Лидер кадетов П.Н.Милюков настаивал, что только прямые выборы от больших округов «обеспечат выбор интеллигентного и политически подготовленного представителя».
Цель всеобщего голосования — выявить Волю Народа: ту истинную Волю, которая будет всё направлять лучшим образом для народа.
Существует ли такая единая Воля и какова она? — никто не знает. Но
замечательно, что при разной системе подсчёта голосов мы узнаём эту
волю по-разному и даже противоположно.
Большинству у нас сейчас не кажется важным, как именно
устроена система голосования, а между тем она влияет существенно.
Состязуются в мире по крайней мере три системы подсчета:
пропорциональная, мажоритарная и абсолютного большинства.
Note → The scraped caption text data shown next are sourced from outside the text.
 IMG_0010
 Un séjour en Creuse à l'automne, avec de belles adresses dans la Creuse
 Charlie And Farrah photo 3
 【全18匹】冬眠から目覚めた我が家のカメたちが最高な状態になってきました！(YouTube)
Пропорциональные выборы по спискам чрезмерно усиливают власть партийных инстанций, составляющих списки кандидатов, и дают перевес большим организованным
партиям. И это особенно потому выгодно партиям, что они могут рассовать своих
центральных активистов по дальним округам, где те не живут, и так обеспечить их
избрание. На этом — чтобы не требовалось от кандидата жить в своём округе —
особенно настаивал кадетский съезд летом 1917: это «даёт возможность для ЦК
централизовать производство выборов». Да и все другие партии — на том же. Так
сказать, централизованная демократия.
При пропорциональной системе малые меньшинства обычно могут получить какой-то голос в представительном собрании, но создаётся множество парламентских фракций, и силы распыляются в раздор. Или это толкает партии
поправлять своё положение через беспринципные коалиции с изъянами для своей
программы — но лишь бы набрать голосов и захватить правительство. В сегодняшнем мире есть разительные примеры такой государственной слабости и
долгих правительственных кризисов.
Итак, всего лишь от способа подсчёта голосов может ошеломительно измениться и состав правительства и его программа, выражающая, разумеется, Волю Народа.
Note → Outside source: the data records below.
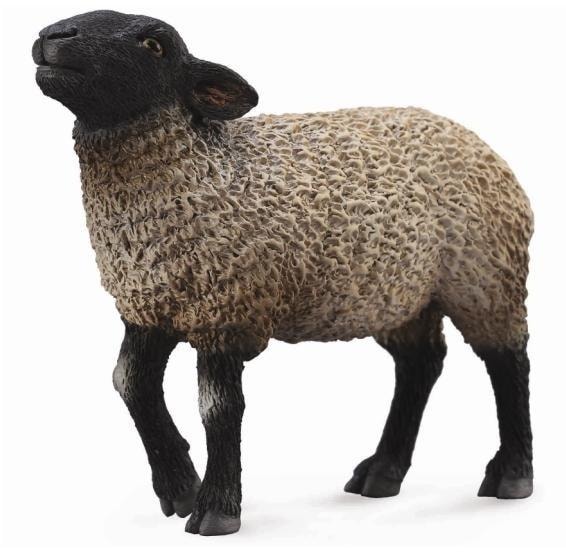 Collecta Suffolk Sheep - medium collectible figurine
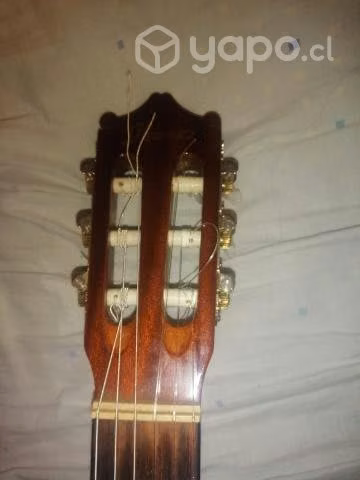 Guitarra acústica
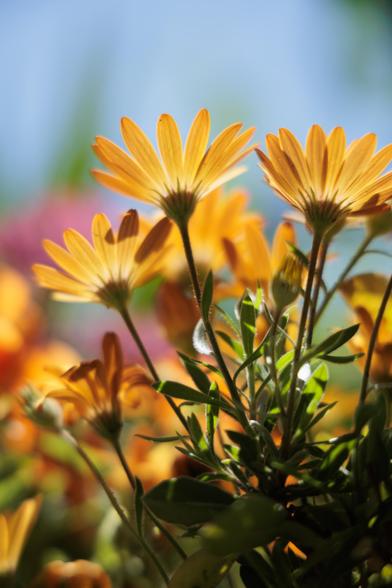 Close-up of bright yellow flowers with slender stems against a blurred background of colorful blooms and blue sky.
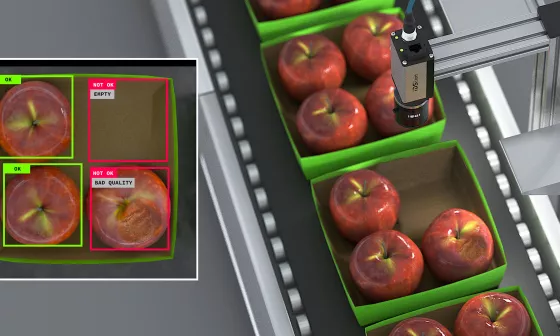 IDS 摄像机检查传送带上包装苹果的完整性和质量。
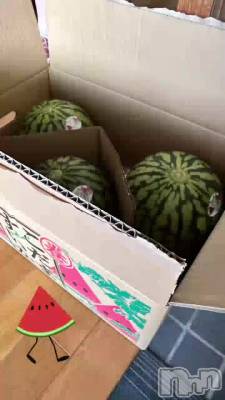 🍉☀️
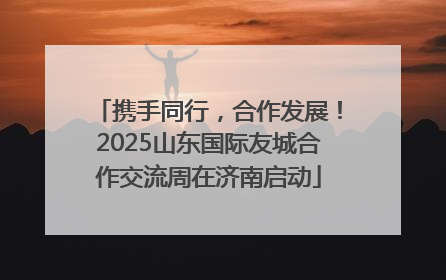 携手同行，合作发展！2025山东国际友城合作交流周在济南启动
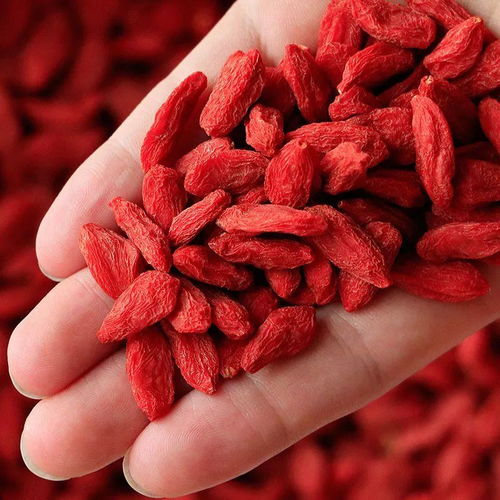 宁夏枸杞 中宁正品特级野生枸杞的魅力与品鉴之道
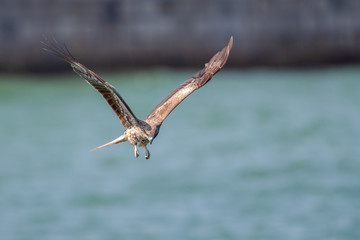 Fototapeta premium Black Kite (Milvus migrans) in flight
А уж пройдя избрание — кандидат становится народным представителем.
Наши четыре последовательных Государственных Думы мало выражали собой глубины и пространства России, только узкие слои нескольких городов, большинство населения на самом деле не вникло в
смысл тех выборов и тех партий. И наш блистательный думец В. Маклаков признал, что «воля народа» и при демократии фикция: за неё всего
лишь принимается решение большинства парламента.
Да и невозможны точные народные наказы своим депутатам на
все будущие непредвидимые случаи. И — нет такого импульса, который
заставлял бы нынешних избранцев стать выше своих будущих выборных
интересов, выше партийных комбинаций и служить только основательно
понятым интересам родины, пусть (и даже неизбежно) в ущерб себе и
своей партии. Делается то, что поверхностно нравится избирателям, хотя
бы по глубокому или дальнему смыслу это было для них зло. А в таком
обширном государстве, как наше, тем меньше возможность проверять
избранцев и тем большая возможность их злоупотреблений. Контрольного механизма над ними нет, есть только возможность попытки отказать в следующем переизбрании; иного влияния на ход государственного управления у народного большинства не остаётся.
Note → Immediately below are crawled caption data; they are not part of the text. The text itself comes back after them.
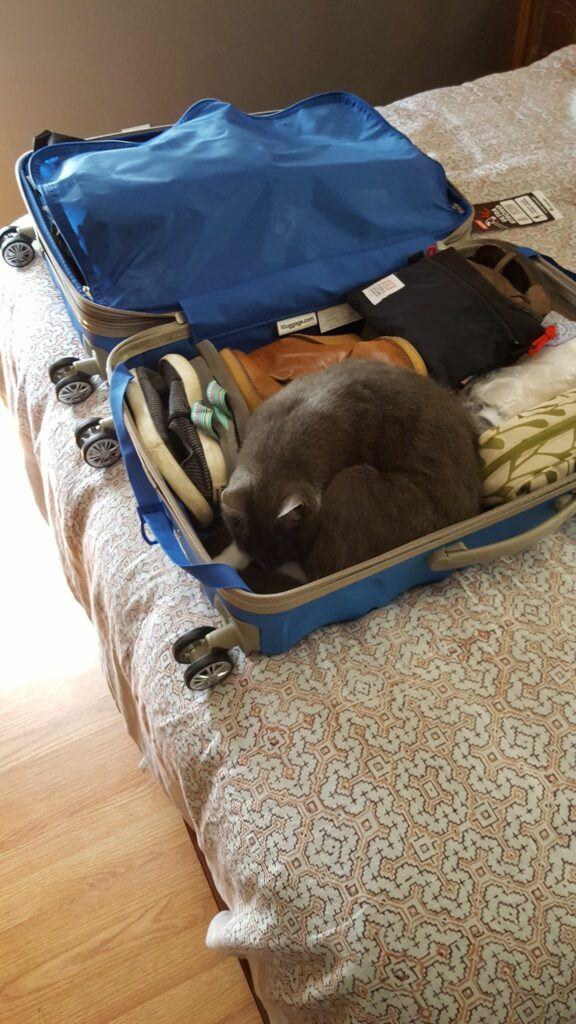 How To Charge For House Sitting PatchPets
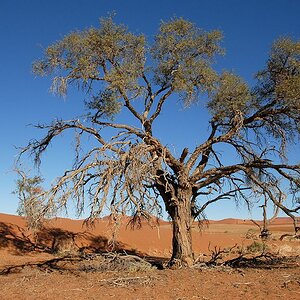 Baum am Weg zum Dead Vlei
4569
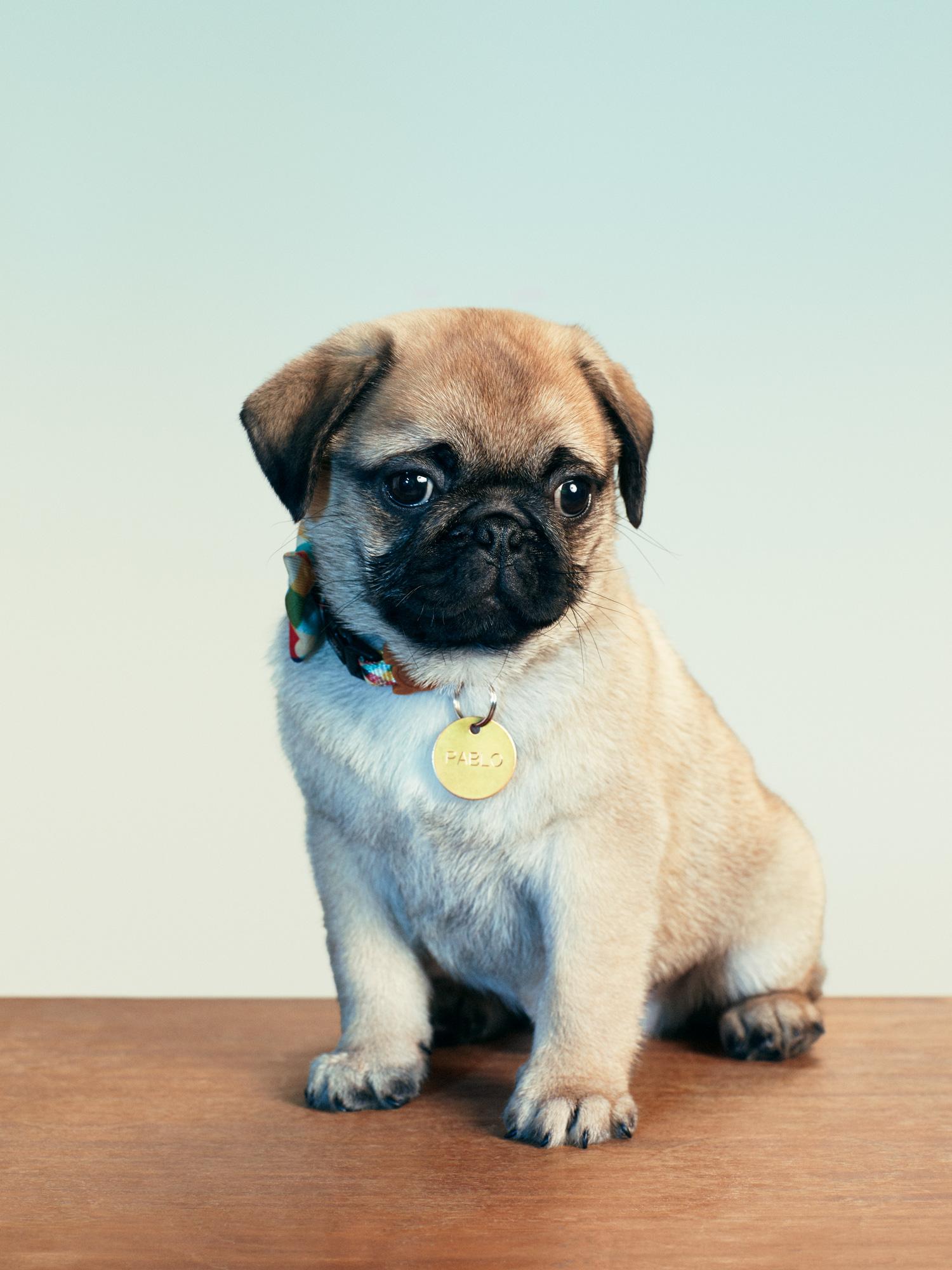 A small, adorable, brown and white puppy with a black nose and floppy ears, wearing a colorful collar with a name tag.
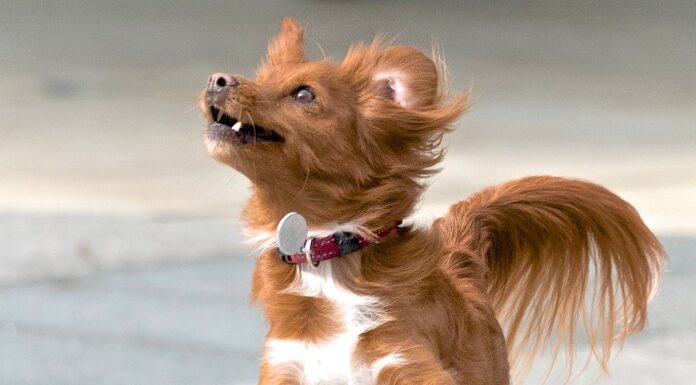 Understanding Board Certified Veterinary Nutritionists and Their Importance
Что ж отрицать, что при демократии деньги обеспечивают реальную власть, неизбежна концентрация власти у людей с большими деньгами.
Ныне пришло к тому, что мы так же не мыслим себе политическую жизнь без партий, как личную без семьи.
«Партия» — значит часть. Разделиться нам на партии — значит
разделиться на части. Партия как часть народа — кому же противостоит?
Очевидно — остальному народу, не пошедшему за ней. Каждая партия
старается прежде всего не для всей нации, а для себя и своих.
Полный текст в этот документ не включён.